Performance Number GFlops achieved for n = (128, 128, 128), batchsize = 1 (in GFlops/s, higher is better): 32.1126 
Test failed (n=(128, 128, 128), batchsize=1): out-of-place 
Test: rel. L2-error = 592.976522 eps (max=592.976522 eps, min=592.976522 eps) 

Performance Number GFlops achieved for n = (16384, 1, 1), batchsize = 4 (in GFlops/s, higher is better): 3.95649 
Test failed (n=(16384, 1, 1), batchsize=4): in-place 
Test: rel. L2-error = 567.284147 eps (max=569.101265 eps, min=565.834936 eps) 

Performance Number GFlops achieved for n = (32, 2048, 1), batchsize = 8 (in GFlops/s, higher is better): 8.28694 
Test failed (n=(32, 2048, 1), batchsize=8): in-place 
Test: rel. L2-error = 549.607006 eps (max=551.284672 eps, min=548.424223 eps) 

Performance Number GFlops achieved for n = (4096, 64, 1), batchsize = 4 (in GFlops/s, higher is better): 7.81609 
Test failed (n=(4096, 64, 1), batchsize=4): in-place 
Test: rel. L2-error = 682.976938 eps (max=683.220153 eps, min=682.730587 eps) 

Performance Number GFlops achieved for n = (64, 32, 16), batchsize = 1 (in GFlops/s, higher is better): 2.45741 
Test failed (n=(64, 32, 16), batchsize=1): out-of-place 
Test: rel. L2-error = 380.520545 eps (max=380.520545 eps, min=380.520545 eps) Program ended with exit code: 0


I tried to play with buffer limits, to no avail.


This might help figuring out what is wrong:


Number of OpenCL platforms: 1 

------------------------- 
Platform: Apple Vendor: Apple Version: 
OpenCL 1.2 (Jun 30 2016 20:18:53) 
Number of devices: 3
        ------------------------- 
                   Name: Intel(R) Core(TM) i7-3820QM CPU @ 2.70GHz
                   Version: OpenCL C 1.2
                   Max.

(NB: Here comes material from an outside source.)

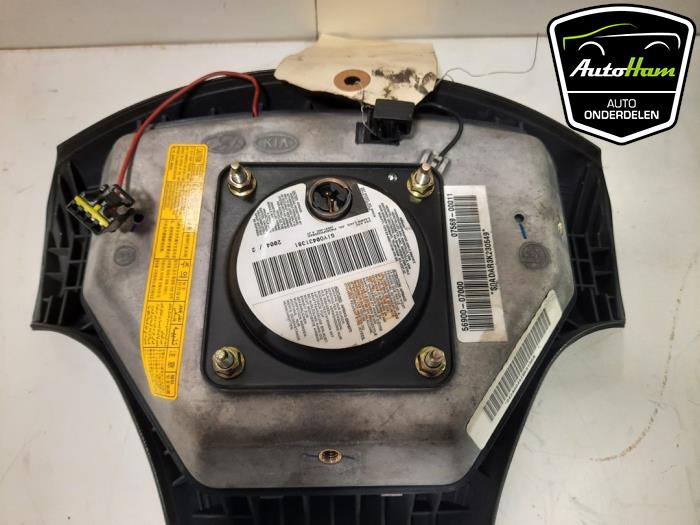 Left airbag (steering wheel) from a Kia Picanto (BA) 1.1 12V 2004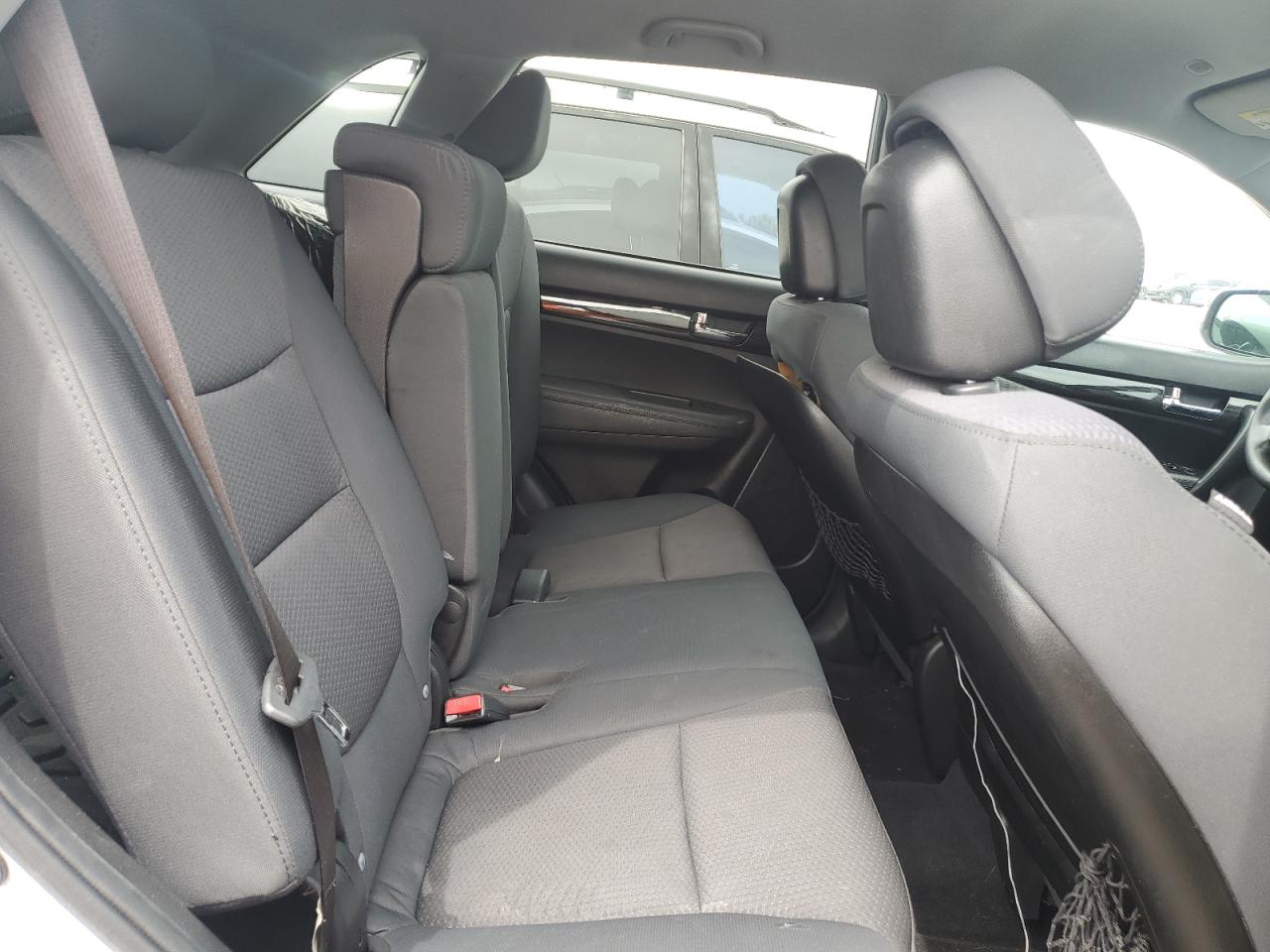 2012 Kia Sorento Base VIN: 5XYKT3A10CG301973 Lot: 70713075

Compute Units: 8 
                   Local Memory Size: 32 KB 
                   Global Memory Size: 16384 MB  
                   Max Alloc Size: 4096 MB 
                   Max Work-group Total Size: 1024 
                   Max Work-group Dims: ( 1024 1 1 )
        -------------------------
        ------------------------- 
                   Name: HD Graphics 4000
                   Version: OpenCL C 1.2 
                   Max. Compute Units: 16 
                   Local Memory Size: 64 KB 
                   Global Memory Size: 1536 MB 
                   Max Alloc Size: 384 MB 
                   Max Work-group Total Size: 512 
                   Max Work-group Dims: ( 512 512 512 ) 
        -------------------------
        ------------------------- 
                  Name: GeForce GT 650M 
                  Version: OpenCL C 1.2 
                  Max. Compute Units: 2 
                  Local Memory Size: 48 KB 
                  Global Memory Size: 1024 MB 
                  Max Alloc Size: 256 MB 
                  Max Work-group Total Size: 1024 
                  Max Work-group Dims: ( 1024 1024 64 )  
        -------------------------
        ------------------------- 

------------------------- 


It would be nice if Apple stepped up to this and fixed their own demo code.

For some reason Apple does not let the previous posting with details. The short summary is: the problem is likely to be with the parameters that OpenCL_FFT uses for the GPU configuration.